» Assignment: Copy the lines below, please, starting with the one that contains "5 Drawers Tallboy White Chest Cabinet" and ending with the last. Pictures stay out.

» Source data:
============================================================

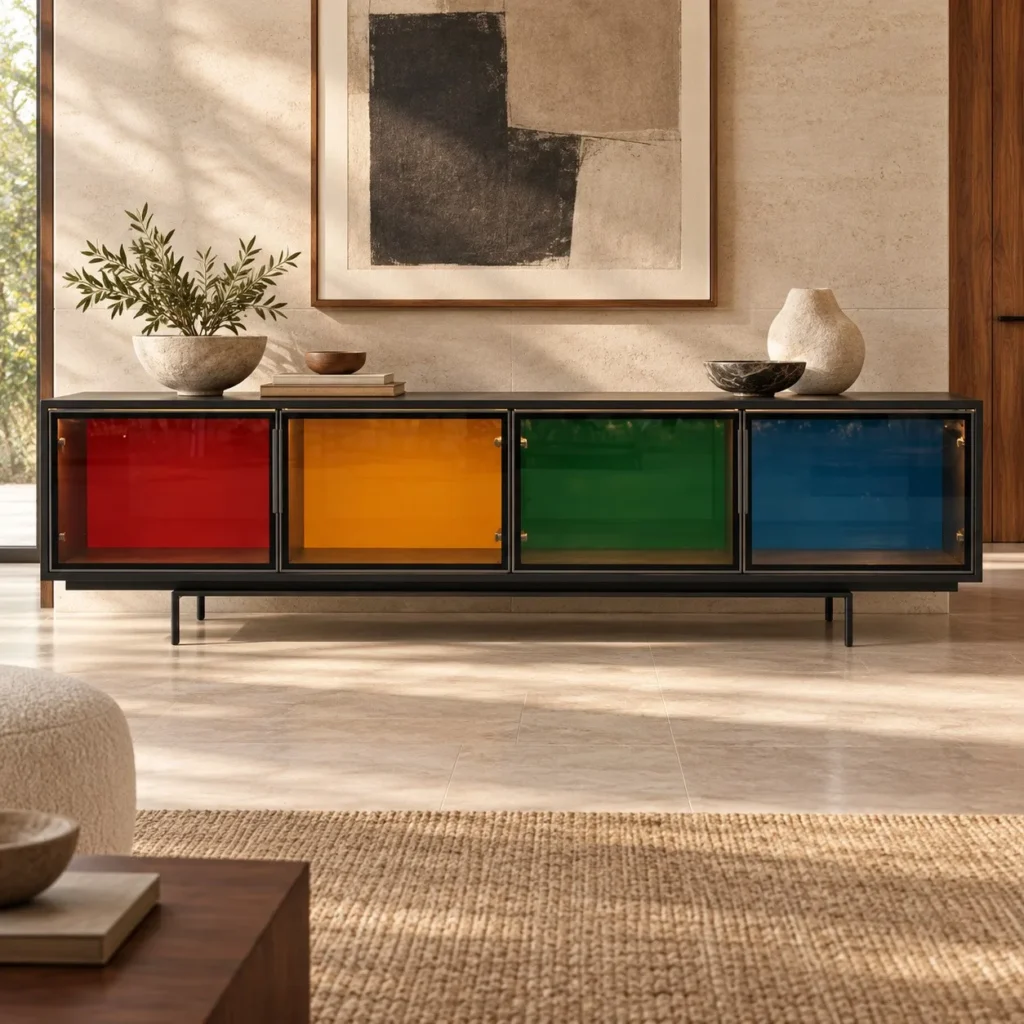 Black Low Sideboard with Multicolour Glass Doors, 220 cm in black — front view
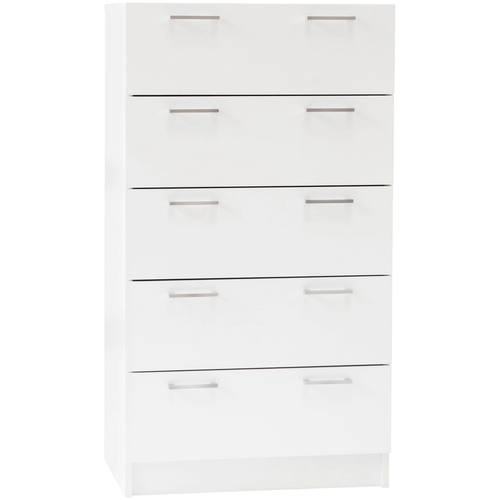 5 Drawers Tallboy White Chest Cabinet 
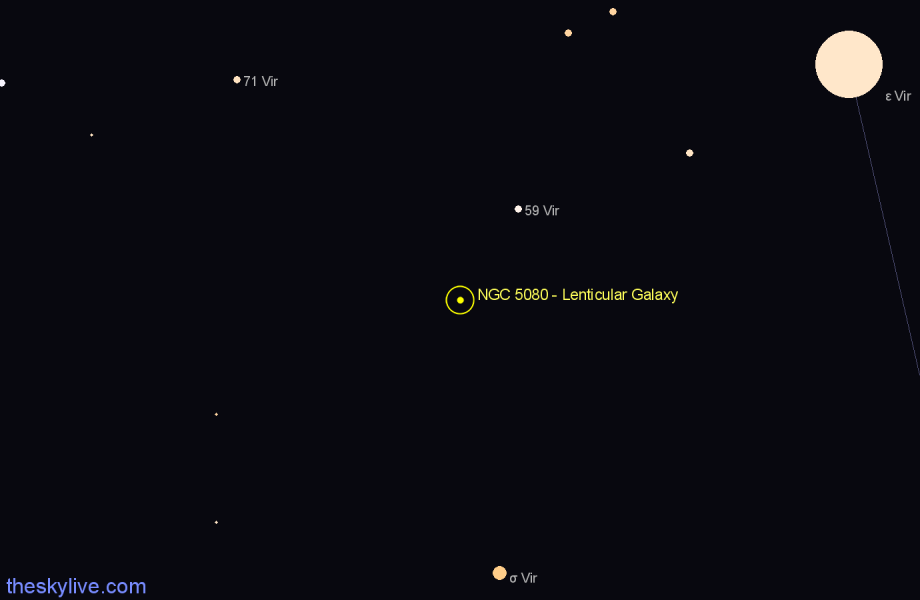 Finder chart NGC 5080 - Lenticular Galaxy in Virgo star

============================================================

» Exercise response:
 5 Drawers Tallboy White Chest Cabinet 
 Finder chart NGC 5080 - Lenticular Galaxy in Virgo star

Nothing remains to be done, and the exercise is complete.